天然酵母パンのお話

私は、ホシノ天然酵母でパンを焼いています。
天然酵母が家の中に飛んでると、子供を育てるのに良い環境のひとつになる。。。なんて聞いたもので、娘が生まれてすぐに習いに行きはじめました。
それから、指導員の資格を取得して現在に至ってます。

「イースト菌」「ホシノ天然酵母」「白神こだま酵母」
どれもみなイーストです!
でも、ドライイーストと一般的に呼ばれて菌では、なかなか甘み(うまみ)のある美味しいパンが焼けない…と、感じたことはありませんか?
それでも、手作り!はおいしい。手軽さ優先ならドライイースト。焼きたてなら美味しく食べられます。

もともとは同じ自然界に存在する酵母なのに、その種類によってパンの風味が大きく左右されるのは、不思議ですね。
それ以前に一番パンの味に影響を与えるのは小麦。その種類や産地、粉を挽くタイミングだと感じています。こればこるほど深みにはまる!!
お米の種類や産地によって、その味が大きく左右されるのとまったく同じことなのです。
いまは、3つのイーストについて書いているので、小麦粉の話はまた次の機会にしましょう。

私は、「ホシノ天然酵母」を27,8年前から使っています。

私にとっては「ホシノ天然酵母」の扱いは、たとえば、子供の性格を知ってその子に合わせるような扱い方が出来ているので、あまり不便には感じないのですが、ホシノと白神を比べると、発酵力に大きな差を感じます。発酵力は白神こだまはすごいです!

ホシノの場合、扱い(作業するタイミング)に慣れるまでは、乾燥したカチカチの固いパンや、酸味のきいた酸っぱいパンになってしまうこともあるかもしれません。
それでも、美味しく焼けた時のホシノのパンを味わったら、この種で焼き続けたくなるのは間違いない!と私は思っています。しっかりとした、優しい味のパンができるのです。
私が指導員の免許を取ったのが平成元年でしたから、この頃のパン種に比べると、今のホシノの種は非常に使いやすく、失敗なく作れるようになっていると感じています。

しかし、ホシノ酵母は、取り扱いが微妙でむずかしく、特に季節の影響を受けやすいという声も聞こえてきます。夏はあっという間に発酵しちゃうのに真冬はなかなか発酵しない。こちらの思い通りにならないことにイラついたら扱いにくい…となってしまいますね。
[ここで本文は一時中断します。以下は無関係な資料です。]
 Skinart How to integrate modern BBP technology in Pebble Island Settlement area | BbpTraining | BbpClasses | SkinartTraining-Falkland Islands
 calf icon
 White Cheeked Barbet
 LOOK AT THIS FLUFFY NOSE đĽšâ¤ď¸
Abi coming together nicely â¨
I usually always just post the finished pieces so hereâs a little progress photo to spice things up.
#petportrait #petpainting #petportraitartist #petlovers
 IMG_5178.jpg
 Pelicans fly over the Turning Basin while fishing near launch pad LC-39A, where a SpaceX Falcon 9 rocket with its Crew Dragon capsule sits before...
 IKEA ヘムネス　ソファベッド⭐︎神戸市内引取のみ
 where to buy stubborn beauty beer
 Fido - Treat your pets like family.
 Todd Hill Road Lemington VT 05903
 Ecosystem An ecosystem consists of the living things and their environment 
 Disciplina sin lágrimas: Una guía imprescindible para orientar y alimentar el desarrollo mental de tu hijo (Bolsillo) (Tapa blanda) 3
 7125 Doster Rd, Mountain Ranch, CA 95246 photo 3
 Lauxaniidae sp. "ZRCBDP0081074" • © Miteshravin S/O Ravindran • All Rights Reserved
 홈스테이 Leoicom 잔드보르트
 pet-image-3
これも、自然の産物を利用させてもらっているからこんなにおいしいパンが食べられると考えれば何でもないことなのですがね。
それに、冷蔵庫とか冬の場合温度の低いお部屋に置いておけば発酵時間を調整することもできます。私はこれは生活の中では利点だと思っているのです。

そんなパン種利用者側の声がある中から生まれてきたのが、「白神こだま」です。

1997年(平成9)発見された場所は、青森県から秋田県に広がる白神山地です。
世界遺産にも指定されているブナ原生林の中の腐葉土の中から見つけられました。
発見者は、工学博士で酒造家の小玉健吉氏と秋田県総合食品研究所の方々です。
白神山地・国立公園の中でパン作りに適した株を探し続け、約500種の酵母の中から発酵や繁殖、保存に優れた株を選別したところ1種類の株が最後まで残ったということです。

その株が「白神こだま酵母」。
白神こだまは、トレハロースの含有量は世界でもトップクラスだそうです。
甘くて風味のよいあっさりとしたパンが焼けます。
-50℃で1ヶ月保存しても死なない強力な冷凍耐性は、酵母としては世界一!
なのだそうです。

人も味覚・好みはいろいろです。
自分が「これは美味しい!」 と思えるパン種で自分のパンを焼いてみてください。
オーブンから漂ってくる美味しい香りに幸せ気分になり、好みの味のパンに至福を感じることでしょう。

今日はスネークパンを焼きました。
今年は巳年だから作らなきゃ!と思っていたのです。やっと今日作ってみました。
焼き上がりの形がヘビっぽいですよね。たぶん名前の由来はそこからだと思います。